1. Unless your contract says you have to: don't give back the money. If your publisher chooses not to publish that's their right, but if you did what you were supposed to do and delivered an acceptable manuscript (you did read those prior posts, right?) then you're very likely entitled to keep your advance. You may be afraid of being blacklisted, but you're just as likely to be thought of as a sucker if you give back money you could have kept.
2. Unless the project was a work-for-hire: don't sit on the manuscript. Finding a new buyer does two things for you:
- It shows that the project was economically viable, and so any allegations your (now-previous) publisher may make about how your book wouldn't have sold will be undercut.

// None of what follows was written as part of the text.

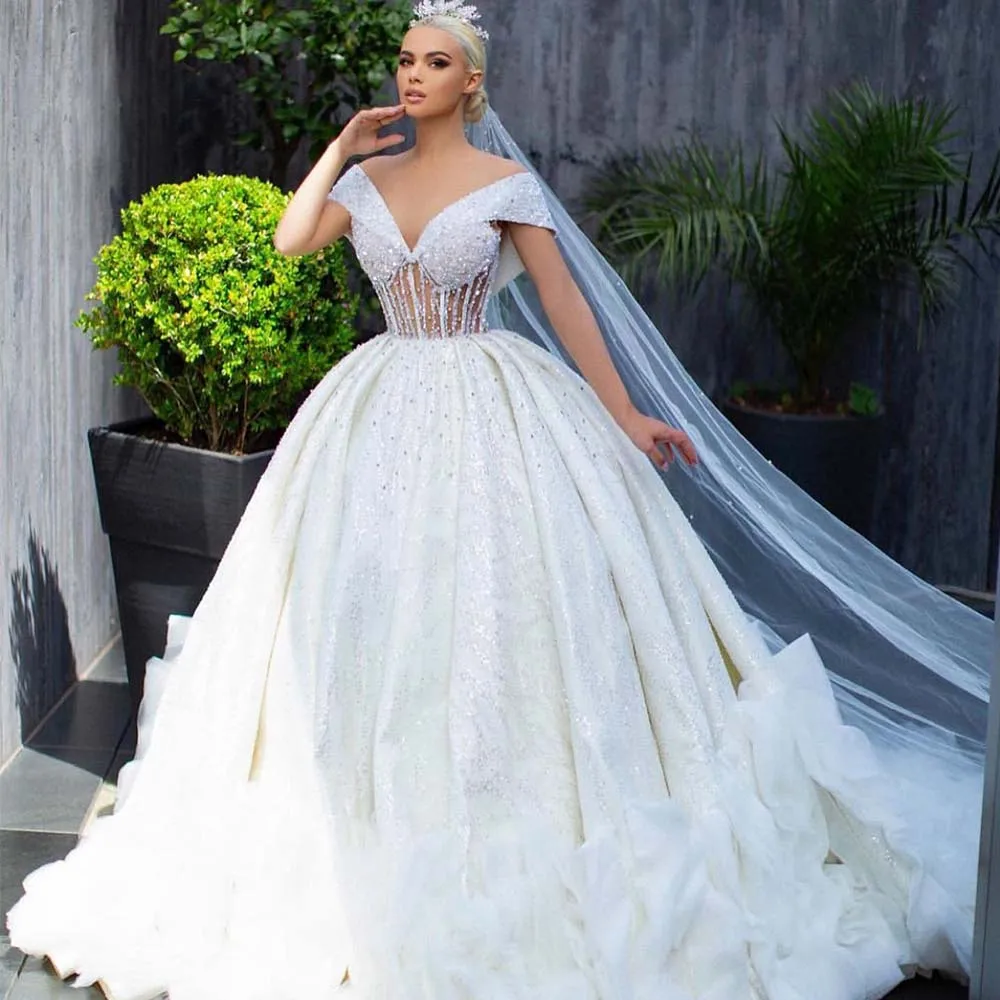 

Gorgeous V Neck See Through Crystals Beads Ballgown Vestido De Casamento Backless Saudi Arabic Garden Puffy Bridal Gowns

- It crystallizes and mitigates your damages which are both important. Crystallizing them means you've set the exact dollar amount: the difference between what you should have been paid and what you were paid. Mitigating them means you're trying to salvage the situation: this makes you much more sympathetic to a jury and also gives you certain technical legal advantages that I won't bore you with here.
3. Unless you want a fight: don't pick one. Just tell them that you believe you're entitled to keep it because you did what you were supposed to do under the contract. They may not bother to fight this any longer, they may get their lawyers to write you a nasty letter. If they're really trying to rattle your cage they may even hire a law firm to do it; if that happens they're taking things a bit more seriously (because they're spending money) but even that doesn't necessarily mean much. Find a lawyer of your own, brief them on the situation if you feel like it, but just stay calm. This may well blow over.
Here's the thing to try: rather than shopping for a new publishing house under #2, maybe go directly to self-publishing through the Kindle, Nook, etc. All the cases on this issue come from back in the day when these options didn't exist. There may be a benefit to not having a bunch of rejection notices from publishers if things get ugly. If I were in this situation myself, I'd probably try this.